> **Exercise**
Every line from the first one in the data below through the line holding "Apartments Oliver, Axams" is to be written out exactly, with the pictures omitted.

> **Given information**
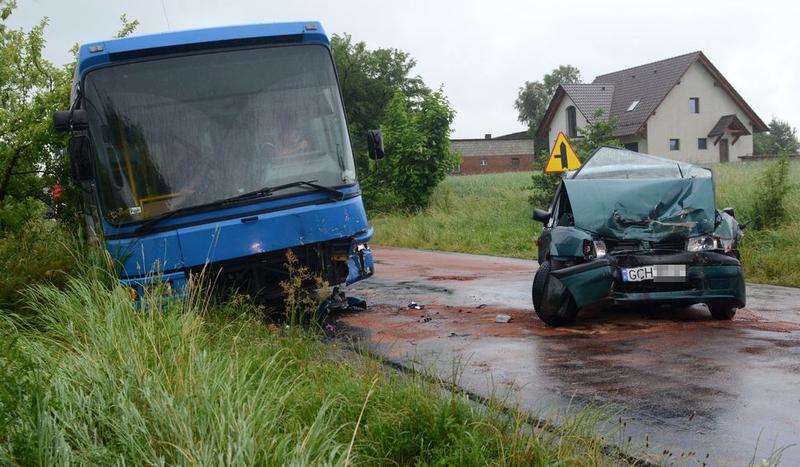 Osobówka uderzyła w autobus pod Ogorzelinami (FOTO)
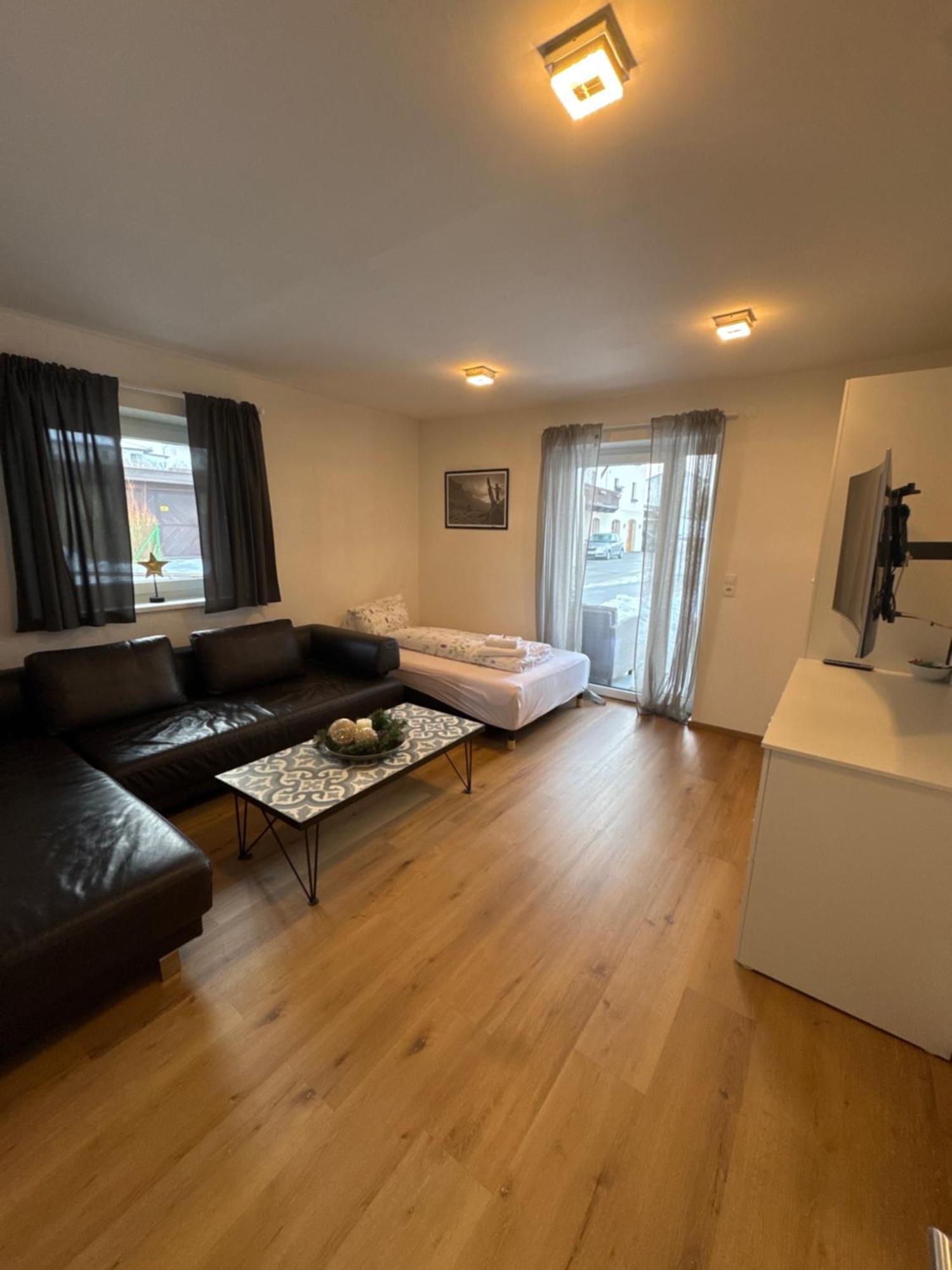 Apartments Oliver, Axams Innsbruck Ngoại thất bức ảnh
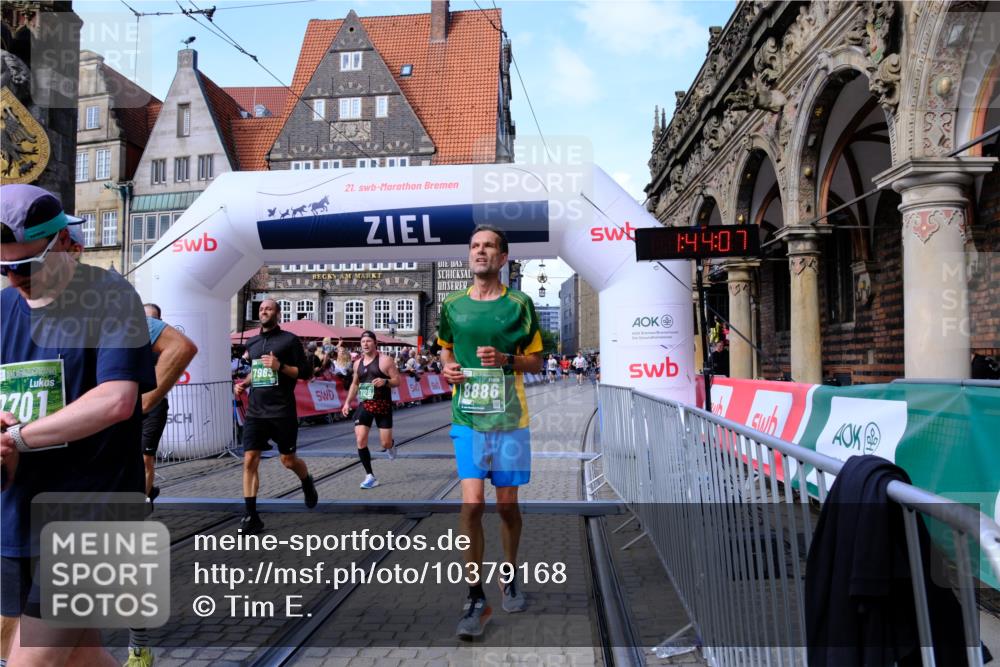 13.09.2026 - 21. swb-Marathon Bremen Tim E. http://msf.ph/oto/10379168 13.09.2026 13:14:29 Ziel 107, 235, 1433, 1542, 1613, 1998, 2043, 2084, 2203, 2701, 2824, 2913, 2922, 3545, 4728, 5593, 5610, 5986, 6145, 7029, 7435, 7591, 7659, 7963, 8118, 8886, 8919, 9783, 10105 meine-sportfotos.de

> **Written reply**
 Osobówka uderzyła w autobus pod Ogorzelinami (FOTO)
 Apartments Oliver, Axams Innsbruck Ngoại thất bức ảnh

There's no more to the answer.